There’s a recent line of thinking that women have realized they can’t have it all, and they’re choosing to stay in lower levels of responsibility. That the reason women hold less than 5% of the CEO titles at Fortune 500 companies is because they are stepping away from professional opportunities, whether to raise their families or just to have a more balanced life. Hence the advice to accept any opportunity that comes along.
But is this really the message women need to hear? I’m not convinced. Ask any woman in a position of power how she got there and she’s likely to tell you that she did it by doing whatever she was asked, whatever it took to make herself stand out, to rise above the men around her. And when you ask her to look more closely, she’s also likely to say that what she had to do was far more than the men around her who hold positions similar to hers.

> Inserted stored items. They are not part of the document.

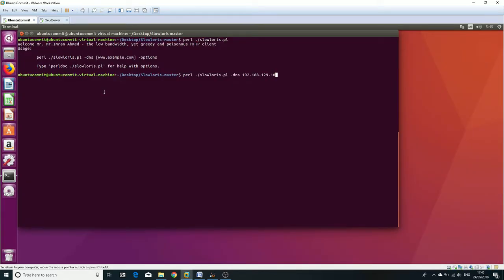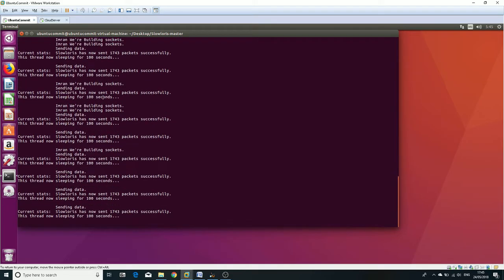The Ubuntu virtual machine is launching an HTTP-based distributed denial-of-service attack into the cloud server, where packets are sent slowly inside the local host, which results the cloud server going down.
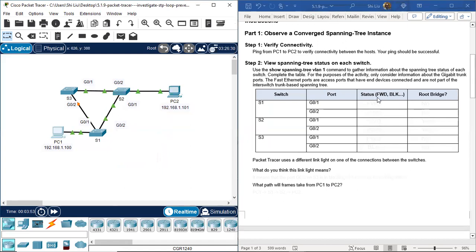For port status: FWD means forwarding and BLK means blocking. Regarding the root bridge — a bridge is a switch, so the root bridge is the root switch. The root bridge is the switch with the lowest priority number, or if tied, the switch with the lowest MAC address.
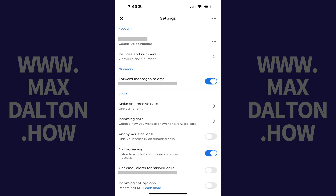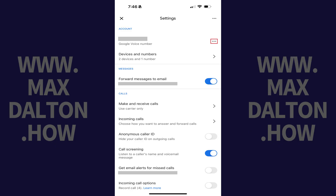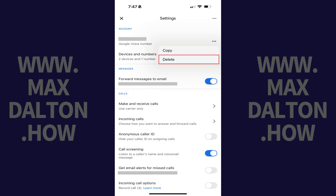Step 4. Navigate to the Account section, and then tap the ellipses next to your Google Voice number. A menu opens. Step 5. Tap Delete in this menu.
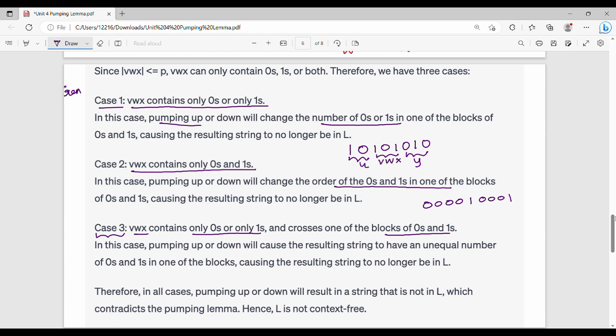If vwx contains only zeros or only ones, and crosses one of the blocks of zeros and ones, then if you pump it or expand it, the reason is correct — it will fail. This is the logical intuition. That's why we do a generalized approach.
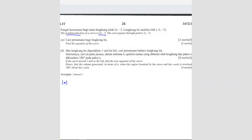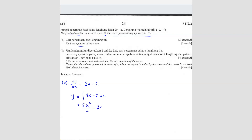Before that, they give you the gradient function and then they say the curve passes through the point negative 2 and negative 7. So question A is asking to find the equation of the curve. Since you have dy/dx equals to 2x minus 2, if you want to find the equation of the curve, you have to integrate. So you get 2x squared over 2 minus 2x plus c, which gives x squared minus 2x plus c.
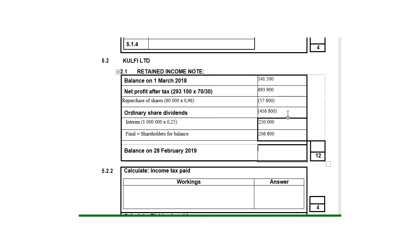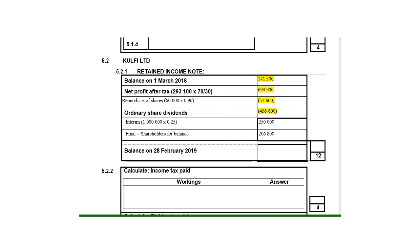I've got everything in, so I must now calculate the balance at the end. I add all four amounts above: 141,500 + 693,900 − 57,600 − 456,800 = 321,000. That would be the balance of the retained income at the end of the year. That is how we do the retained income note. We'll carry on and do the other calculations in the next parts.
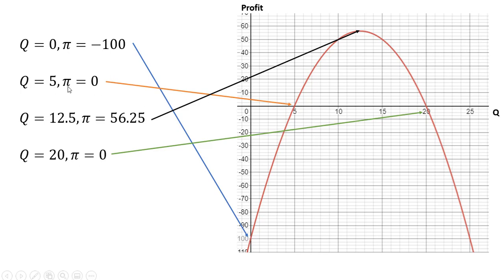When Q equals 5, using the quadratic formula, we found that profit is zero. That's this point here. And also using the quadratic formula, we found that Q equals 20, profit is also zero. That's this point right here.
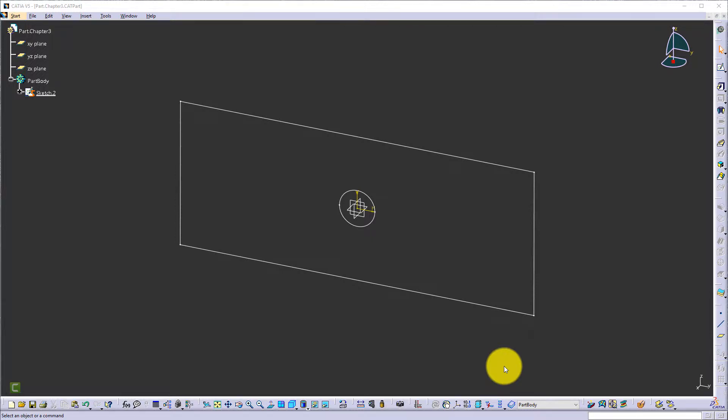Hey, this is a quick demonstration of Chapter 3 — applying symmetric seating into the part to reduce the size of the model and eventually the analysis time as well.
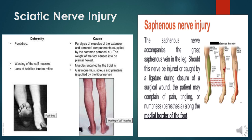Saphenous nerve injury can occur when the saphenous nerve accompanies the great saphenous vein in the leg; while ligating the great saphenous vein during surgical closure of a wound, the saphenous nerve may get trapped along the ligature, causing pain, tingling, and numbness along the area distributed by the saphenous nerve, that is the medial border of the foot.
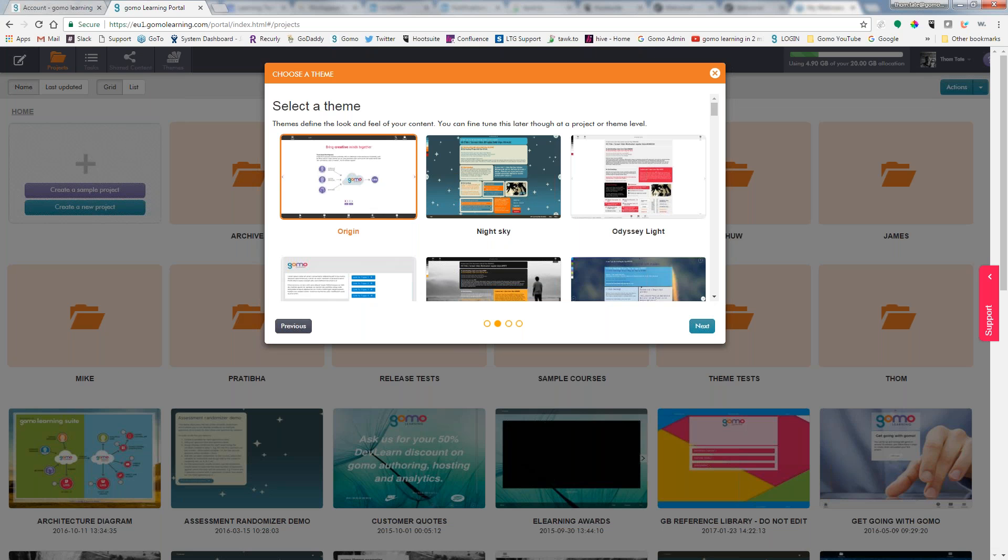Also a nice thing about themes is, since they are separate from the content itself, you can create multiple courses using a single theme. And then if maybe you get to have to rebrand everything or you need to change your font style, you can just go in and change the theme, and all those courses that were created using that theme will automatically be updated with the new style or branding. So we'll choose Origin.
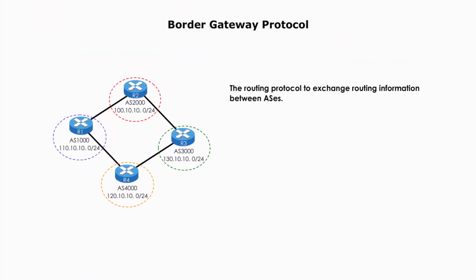Border Gateway Protocol is a routing protocol used by border routers to exchange routing information between autonomous systems. BGP is a path vector protocol, which means each router maintains a list of paths to other autonomous systems. Path vector does not rely on the number of hops or link state. Path vector protocol relies on the number of autonomous systems it has to go through.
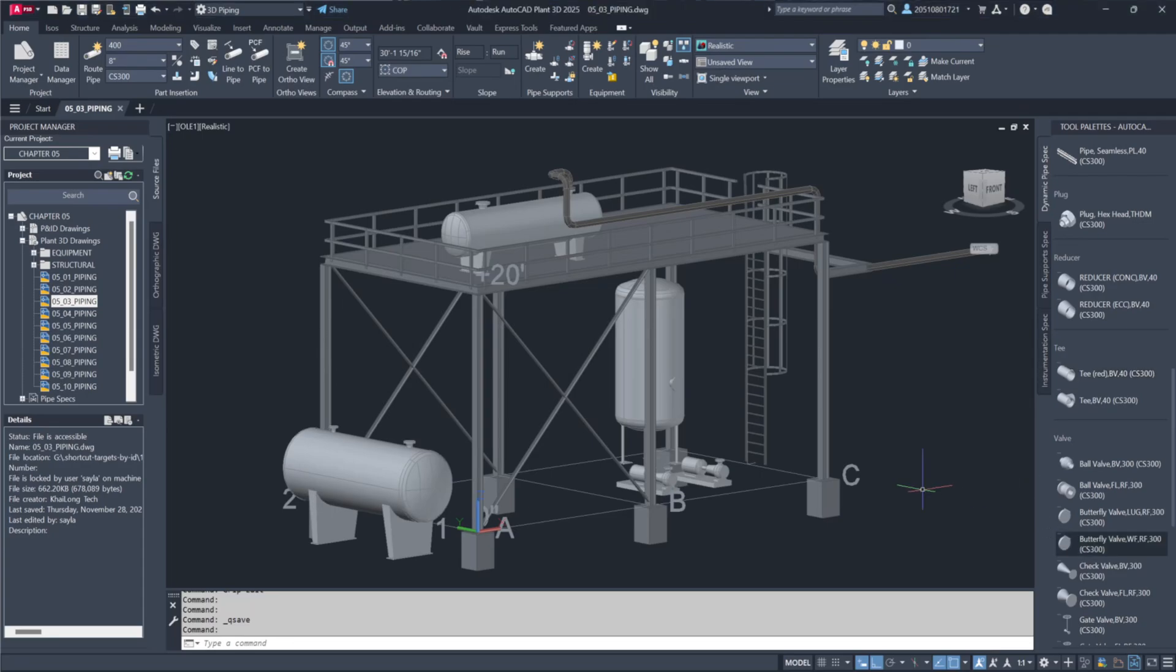When routing piping from equipment, the process begins by selecting the nozzle to connect to and identifying the continuation grip on the pipe. Plant 3D will automatically choose the correct flange or connection required.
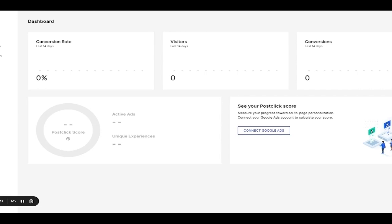Instapage personalization helps you create relevant, focused landing pages for each ad group and audience. In minutes, no coding needed. Ready to get started?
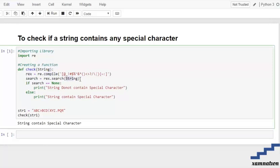We use the search method of the regular expression. If the search returns None, then the string does not contain any special characters. Otherwise, the string contains special characters.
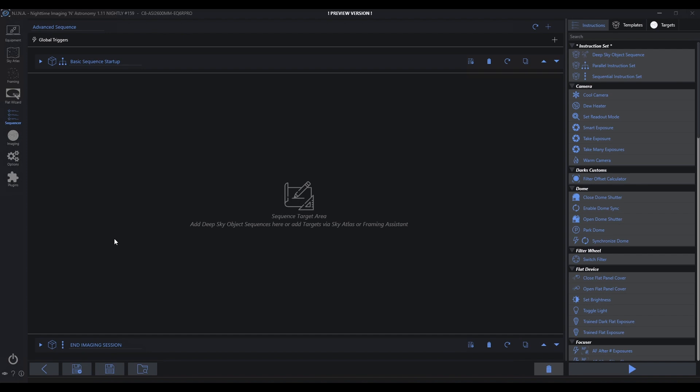I originally embedded some of the startup mentality into each individual sequence. And now we're not going to have to do that. We're going to have a startup sequence that's going to frame it out, and then from there, we just drag targets. Let me know if you have any other great ideas. I'd love to incorporate anything you've come up with yourself. And as always, clear skies.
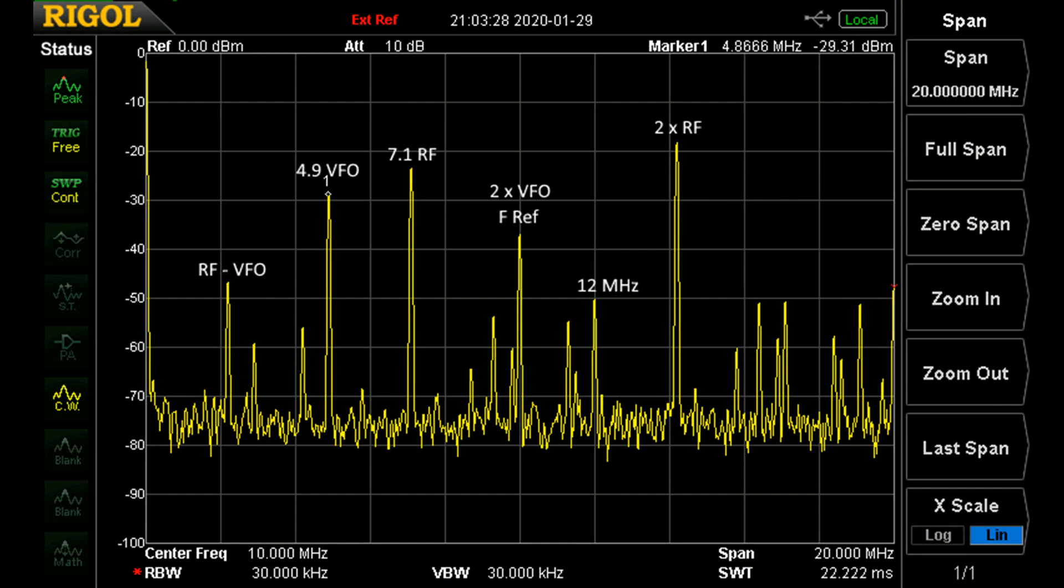There's all sorts of signals in here. We've got our target signal at 12 megahertz, we've got twice the RF at 14.2 megahertz, we've got a mess in the middle which is my shack frequency reference which gets everywhere, we've got the RF minus the VFO, and as you go up in frequency you've got more and more signals.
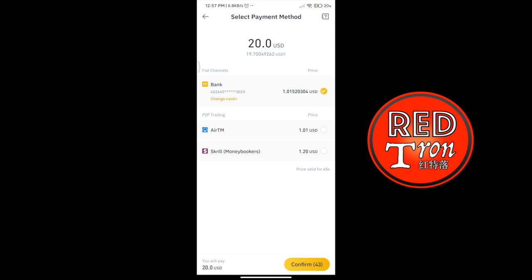There is a button with a number counting down — it will refresh every time the number runs out. You have to refresh to get the latest exchange rate. Press on confirm to purchase the amount of USDT. I'm not going to press confirm since I don't actually want to buy any USDT right now.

That is the reality that I’ve seen too. Women – especially women of color – have to do more, and they have to do it all twice as well as a man in order to be acknowledged as skillful, talented, smart, and promotable.
I got into the corporate world entirely by accident, since I’m a social worker who has no business working on Wall Street. But when a little agency I started working for many years ago began to expand across the country my job expanded right along with it. Over a period of ten years I held at least a half dozen different titles as I was promoted to new levels of responsibility. This was considered success, and it looks great on my resume today. The problem was that as I gained new responsibilities it was also expected that I keep the old ones. So my job got bigger and bigger even as the rest of my life got smaller.
Maybe this is why women walk away from it all. I know it’s why I did.
And if this is true, then the issue is not one of saying yes but of saying no. How many times have you heard that if you want to get something done, ask a busy woman? And why? Because we all say yes! And then we kick butt to make sure the job gets done well since there is still that do-it-better-than-the-boys-thing happening. See the trap?
When people ask me how it is that I changed my life so radically over the last few years, the best answer I can give them is that I learned that the word “No” is a complete sentence. I learned to say no. Without explanation or justification. Just no.
Men do this all the time, have you noticed? They may offer an option, like “No, why don’t you ask _________ (fill in the blank with a name and it will usually be a woman’s!) to handle that?” But most often they just refuse and move on with whatever it is they were doing already.
Every time you say yes to one thing you have to say no to something else. Since there is a finite number of hours in a day it really is true that we can’t do it all.
By saying no a lot more often you get to say yes to what you really want to do, to do what you’re best at doing, and to create the life you want to live rather than the one everyone else thinks you should.